■ TASK DIRECTIONS: Return the lines of the material below exactly, beginning with the line that has "Wholesale Custom Logo" in it and finishing with the line that has "Gri 3’lü Silikon" in it. Leave all pictures aside.
Start of RECORDS SHOWN
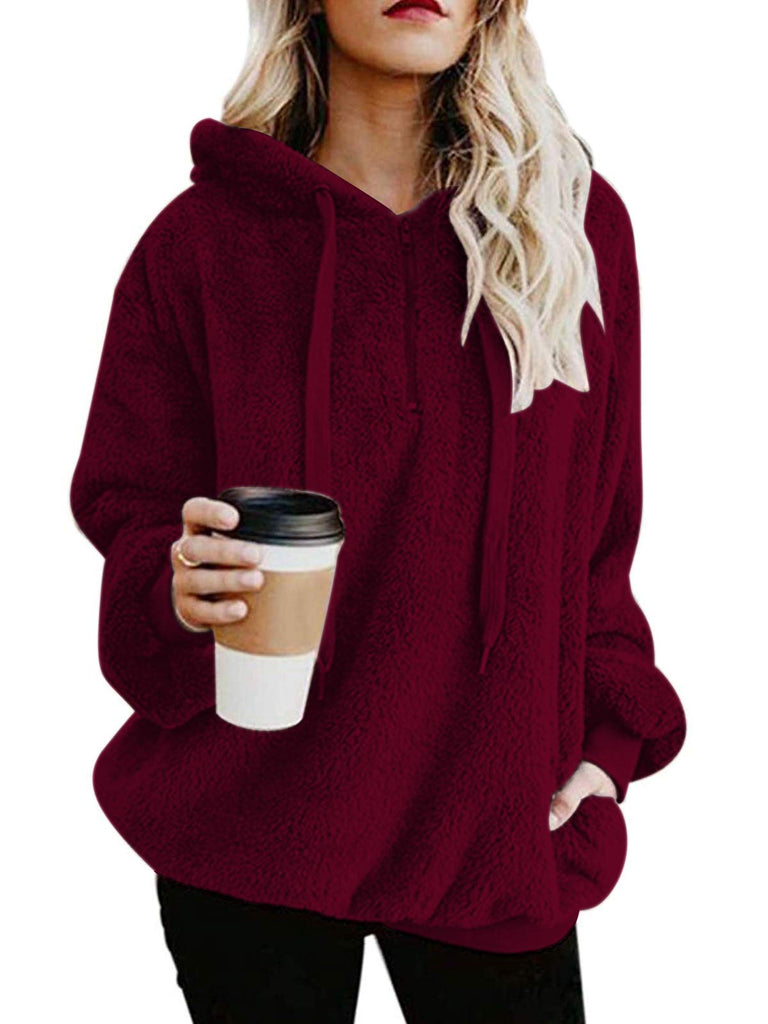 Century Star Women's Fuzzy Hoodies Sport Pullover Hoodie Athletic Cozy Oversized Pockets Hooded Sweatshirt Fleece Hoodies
End of RECORDS SHOWN
Start of RECORDS SHOWN
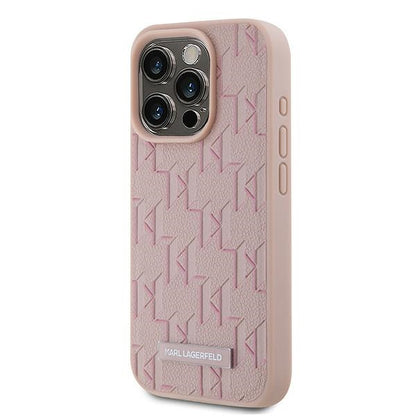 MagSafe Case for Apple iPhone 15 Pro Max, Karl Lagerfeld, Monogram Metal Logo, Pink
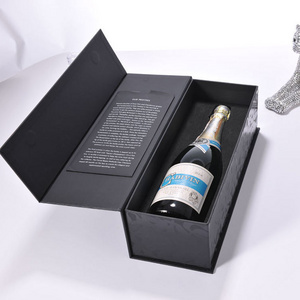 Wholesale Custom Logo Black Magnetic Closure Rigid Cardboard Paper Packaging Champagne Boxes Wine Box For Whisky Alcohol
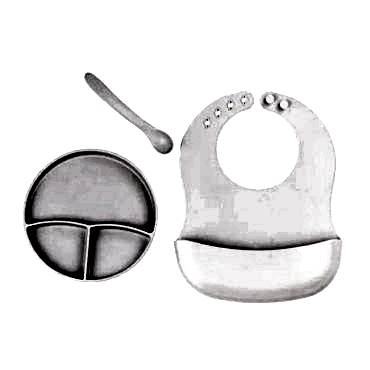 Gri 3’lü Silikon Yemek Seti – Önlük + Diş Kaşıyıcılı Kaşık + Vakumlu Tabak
End of RECORDS SHOWN
Start of RECORDS SHOWN
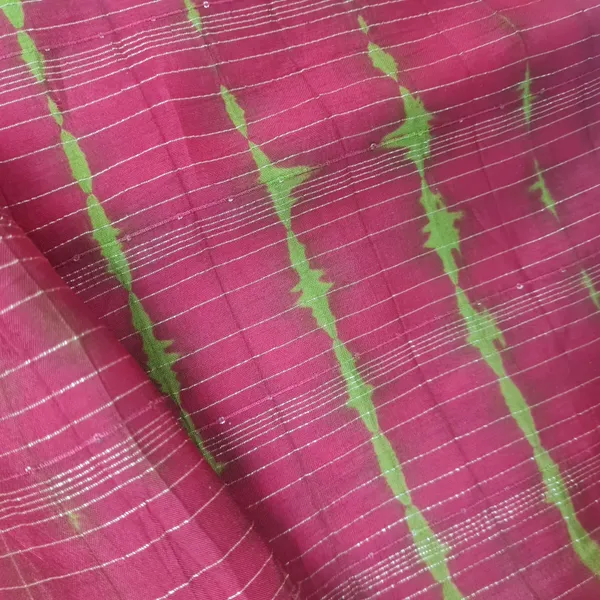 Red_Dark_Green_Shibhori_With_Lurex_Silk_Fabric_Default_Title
End of RECORDS SHOWN
■ TASK RESULT:
 Wholesale Custom Logo Black Magnetic Closure Rigid Cardboard Paper Packaging Champagne Boxes Wine Box For Whisky Alcohol
 Gri 3’lü Silikon Yemek Seti – Önlük + Diş Kaşıyıcılı Kaşık + Vakumlu Tabak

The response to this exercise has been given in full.